## WHAT IS NEEDED
Repeat the listing exactly, minus the pictures.

## SUPPLIED MATERIAL
=-=-=

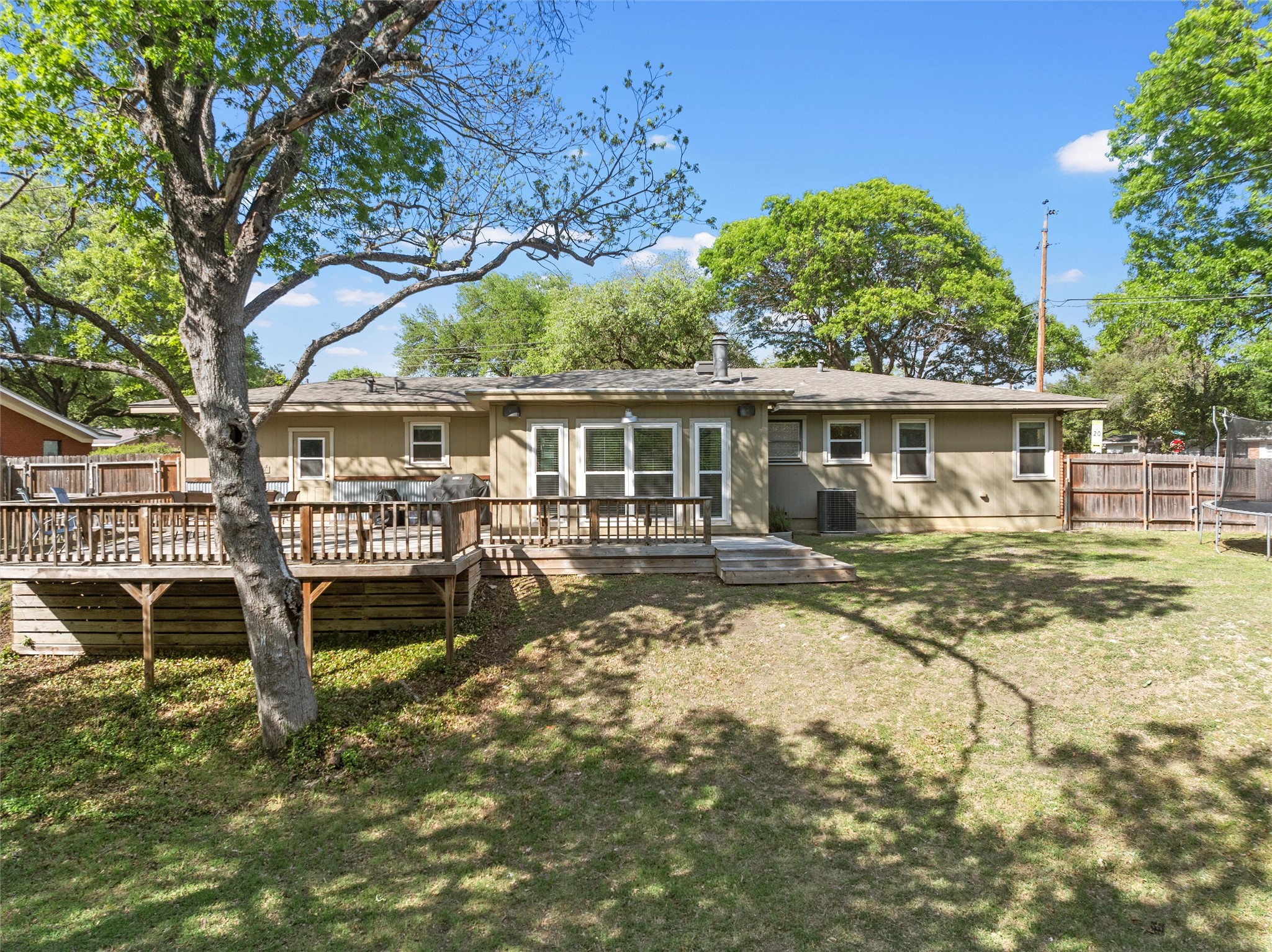 2306 Oak Cliff Drive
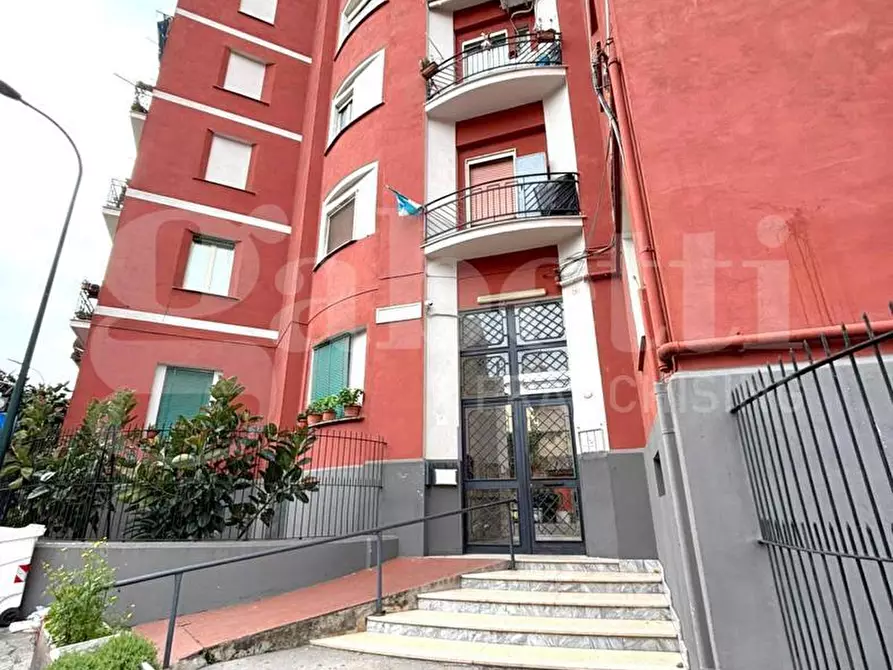 Immagine 1 di Appartamento in vendita  in Via ponti rossi a Napoli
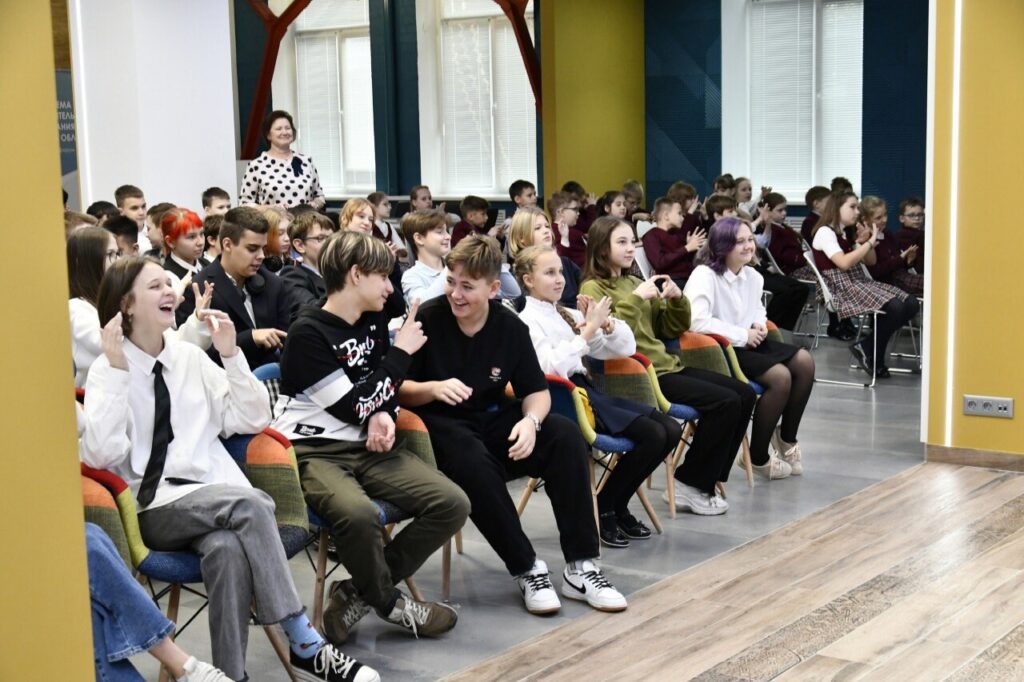 Школьников Тверской области научили пользоваться мессенджерами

=-=-=

## PROBLEM SOLUTION
 2306 Oak Cliff Drive
 Immagine 1 di Appartamento in vendita  in Via ponti rossi a Napoli
 Школьников Тверской области научили пользоваться мессенджерами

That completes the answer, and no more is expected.